Sentido de síntese em espetáculo volumoso
O Duelo, espetáculo da mundana companhia (Foto: Renato Mangolin)
A montagem de O Duelo, atualmente em cartaz no Espaço Tom Jobim, guarda pontos de ligação com O Idiota, espetáculo anterior da mundana companhia apresentado no mesmo Jardim Botânico, mas em formato itinerante, e a encenação de Pais e Filhos: o foco em autor russo e material literário (antes Dostoievski e Turgueniev, agora Tchekhov); a soma de contribuições criativas de artistas que passaram por diferentes grupos, porém afinados numa perspectiva teatral; e uma aparente disposição para realizar um trabalho volumoso, que abrace a obra original a partir de múltiplas possibilidades (ainda que sem a ambição de esgotá-la) e não por meio de um dado recorte.

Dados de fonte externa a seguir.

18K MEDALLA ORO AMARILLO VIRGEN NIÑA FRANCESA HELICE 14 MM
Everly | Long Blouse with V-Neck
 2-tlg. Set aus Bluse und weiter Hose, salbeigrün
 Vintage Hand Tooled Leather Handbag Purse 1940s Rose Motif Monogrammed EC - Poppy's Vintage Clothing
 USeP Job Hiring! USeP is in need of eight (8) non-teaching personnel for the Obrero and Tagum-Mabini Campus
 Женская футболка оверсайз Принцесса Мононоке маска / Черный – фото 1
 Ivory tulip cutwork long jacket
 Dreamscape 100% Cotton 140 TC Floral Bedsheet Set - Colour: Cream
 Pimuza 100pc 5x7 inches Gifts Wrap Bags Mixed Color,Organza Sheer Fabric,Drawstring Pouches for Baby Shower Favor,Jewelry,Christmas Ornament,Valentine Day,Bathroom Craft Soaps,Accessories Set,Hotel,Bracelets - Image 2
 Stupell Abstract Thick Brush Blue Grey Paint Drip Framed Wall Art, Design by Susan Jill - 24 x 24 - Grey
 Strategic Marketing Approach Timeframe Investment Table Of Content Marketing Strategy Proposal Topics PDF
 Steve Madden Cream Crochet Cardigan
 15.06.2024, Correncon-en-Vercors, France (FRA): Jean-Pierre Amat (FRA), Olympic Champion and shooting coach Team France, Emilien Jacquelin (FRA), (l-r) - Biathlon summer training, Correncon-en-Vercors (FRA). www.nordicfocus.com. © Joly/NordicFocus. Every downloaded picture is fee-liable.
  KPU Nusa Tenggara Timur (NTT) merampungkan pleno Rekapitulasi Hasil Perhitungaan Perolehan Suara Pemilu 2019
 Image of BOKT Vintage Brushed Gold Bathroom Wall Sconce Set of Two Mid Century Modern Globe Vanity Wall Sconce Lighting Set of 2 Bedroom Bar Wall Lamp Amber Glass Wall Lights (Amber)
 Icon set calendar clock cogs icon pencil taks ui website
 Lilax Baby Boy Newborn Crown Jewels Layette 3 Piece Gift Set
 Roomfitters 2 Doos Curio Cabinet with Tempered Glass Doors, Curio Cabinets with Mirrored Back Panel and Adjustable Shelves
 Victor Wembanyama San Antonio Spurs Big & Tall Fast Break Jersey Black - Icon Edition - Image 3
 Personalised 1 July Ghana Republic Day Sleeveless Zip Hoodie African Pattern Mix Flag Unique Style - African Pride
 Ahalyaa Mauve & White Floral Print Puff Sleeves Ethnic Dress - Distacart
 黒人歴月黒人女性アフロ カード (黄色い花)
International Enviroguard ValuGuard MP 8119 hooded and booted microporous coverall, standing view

Há talvez uma tensão entre essa última característica e a natureza sintética dessa montagem de O Duelo que, apesar de apostar na visualidade (a escultura inflável de Franklin Cassaro tem impacto inegável), imprime diante do público uma cena crua, distante do grandioso – uma cena formada por elementos básicos, a exemplo do plástico manipulado pelos atores para “produzir” o movimento do mar. Esta “limitação” da cenografia de Laura Vinci evidencia, na verdade, a riqueza do teatro, que reside mais no estímulo à imaginação do espectador por meio da sugestão do que da exibição de predicados tecnológicos.
A longa duração (cerca de 3h30) de O Duelo não se constitui como peso. Georgette Fadel assina uma encenação de fluxo contínuo, destituída, em medida considerável, de tempos mortos. A adaptação, a cargo de Vadim Nikitin e Aury Porto (com colaboração de Camila Pitanga), preserva valores como clareza e simplicidade na exposição da história. Nessa transposição cênica da novela de Tchekhov, questões centrais na obra do autor vêm à tona, especialmente no que diz respeito à verbalização de desejos de mudança que, contudo, acabam não se concretizando. As jornadas dos personagens são, muitas vezes, frustradas e os projetos de vida, abortados.
Os figurinos de Diogo Costa se destacam, mas sublinham, de modo algo maniqueísta, o embate entre Nadiejda Fiódorovna e Mária Bitiugova. A iluminação de Guilherme Bonfanti se vale de recursos variados (cabe realçar o uso de lampiões) para criar atmosfera expressiva. A direção musical de Otávio Ortega e Lucas Santtana surpreende pela mistura de referências. Os atores transitam com habilidade entre narração e vivência. A presença segura de Sergio Siviero sobressai, mas Carol Badra (dona de apreciável timing), Vanderlei Bernardino, Aury Porto e Pascoal da Conceição também possuem ótimos momentos. Seja como for, todos parecem integrados, coesos, engajados não só em suas passagens como na construção de uma cena próxima dos espectadores, distribuídos por arquibancadas que emolduram o palco.